Given records:

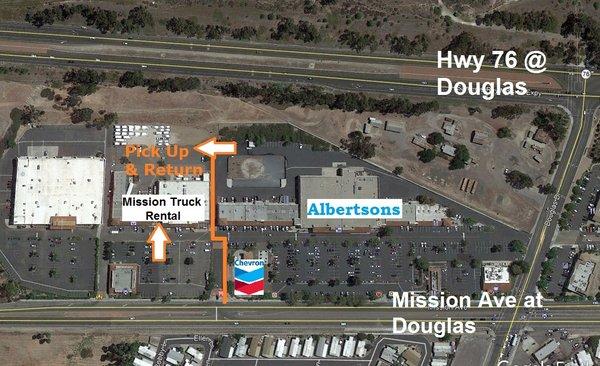 Map location in Mission Douglas Plaza. Enter at Chevron.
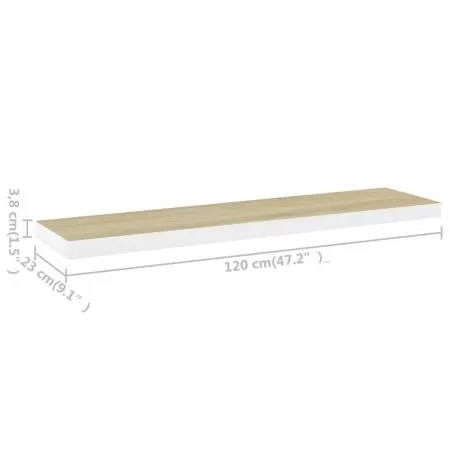 Rafturi perete suspendate 4 buc. stejar/alb 120x23.5x3.8 cm MDF, alb, 120 x 23.5 x 3.8 cm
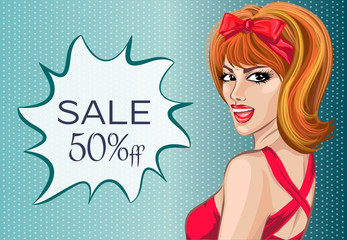 sale banner pop art comic style surprised woman with speech bubble, pin up girl portrait, vector illustration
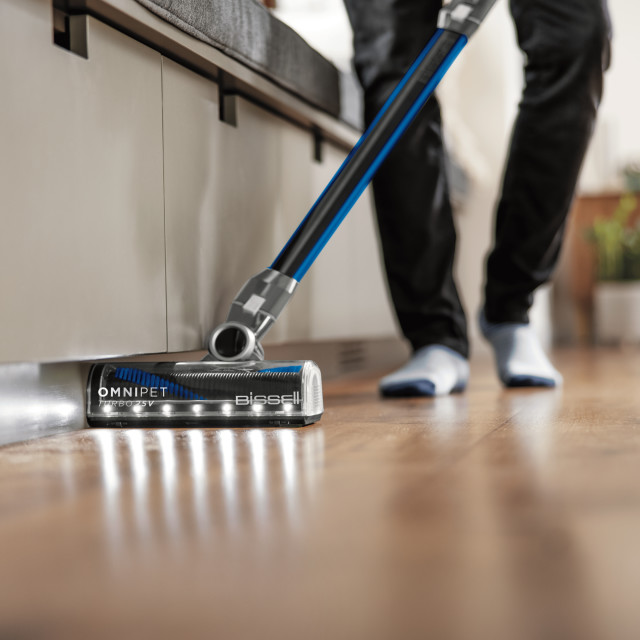 Bissell Omnipet Icon Turbo Cordless Vacuum on wooden floor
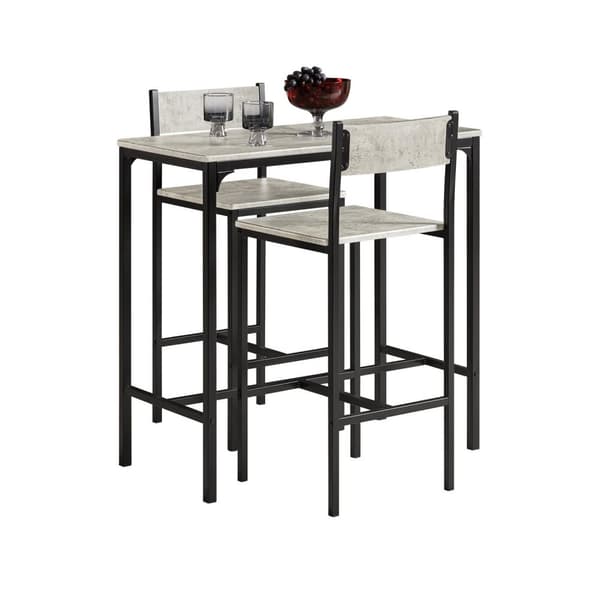 SoBuy Baaripöytä ja 2 baarituolit Ruokailuryhmä 2 hengelle. betonikuvio P89*L45*K87 cm, Enimmäiskuormitus: 150 kg/Baarituolit OGT03-HG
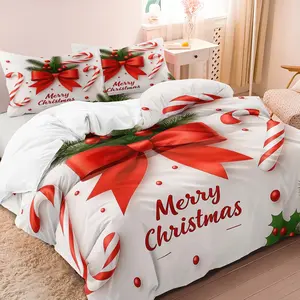3pcs Christmas Duvet Cover Set - Festive Red Bow, Candy Cane & Snowflake Design, Decorative Duvet Cover | Polyester, Machine Washable, Zipper Closure | Ideal For Bedroom & Living Room Holiday Decor,  Home Christmas Gift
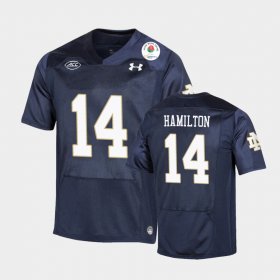 #14 Kyle Hamilton 2021 Rose Bowl Notre Dame Fighting Irish College Football Men's Navy Jersey 284829-340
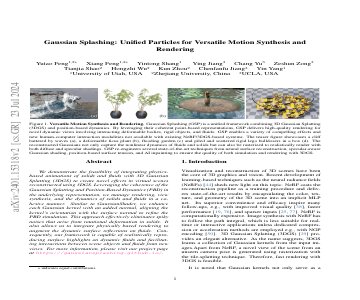 Paper thumbnail for Gaussian Splashing: Dynamic Fluid Synthesis with Gaussian Splatting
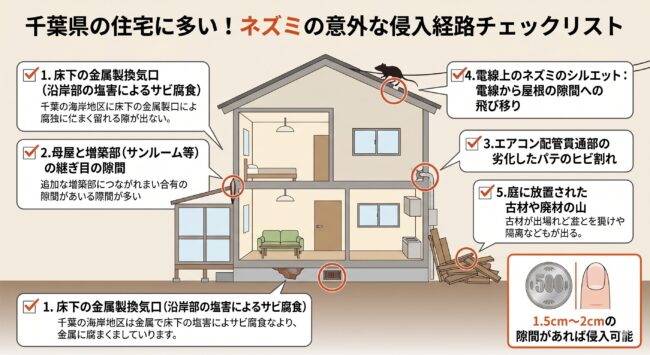千葉県特有のネズミ侵入経路チェックリスト
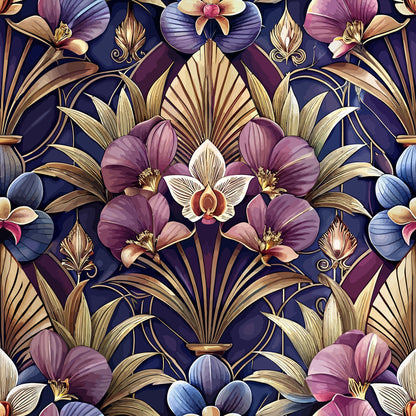 Art Deco Florals Pattern 23 Quilting Cotton Fabric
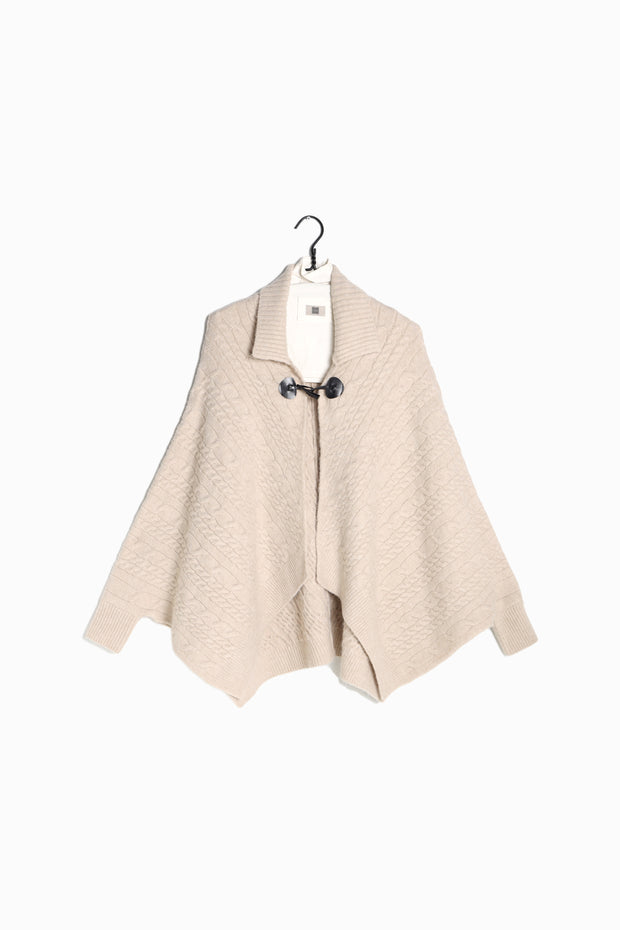 Duffle Knitted Poncho with Sleeves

What you should do:
The expected output is the exact run of lines from the one containing "Bissell Omnipet Icon" through the final line of the data above, both ends included, with no pictures.

Response area:
 Bissell Omnipet Icon Turbo Cordless Vacuum on wooden floor
 SoBuy Baaripöytä ja 2 baarituolit Ruokailuryhmä 2 hengelle. betonikuvio P89*L45*K87 cm, Enimmäiskuormitus: 150 kg/Baarituolit OGT03-HG
3pcs Christmas Duvet Cover Set - Festive Red Bow, Candy Cane & Snowflake Design, Decorative Duvet Cover | Polyester, Machine Washable, Zipper Closure | Ideal For Bedroom & Living Room Holiday Decor,  Home Christmas Gift
 #14 Kyle Hamilton 2021 Rose Bowl Notre Dame Fighting Irish College Football Men's Navy Jersey 284829-340
 Paper thumbnail for Gaussian Splashing: Dynamic Fluid Synthesis with Gaussian Splatting
千葉県特有のネズミ侵入経路チェックリスト
 Art Deco Florals Pattern 23 Quilting Cotton Fabric
 Duffle Knitted Poncho with Sleeves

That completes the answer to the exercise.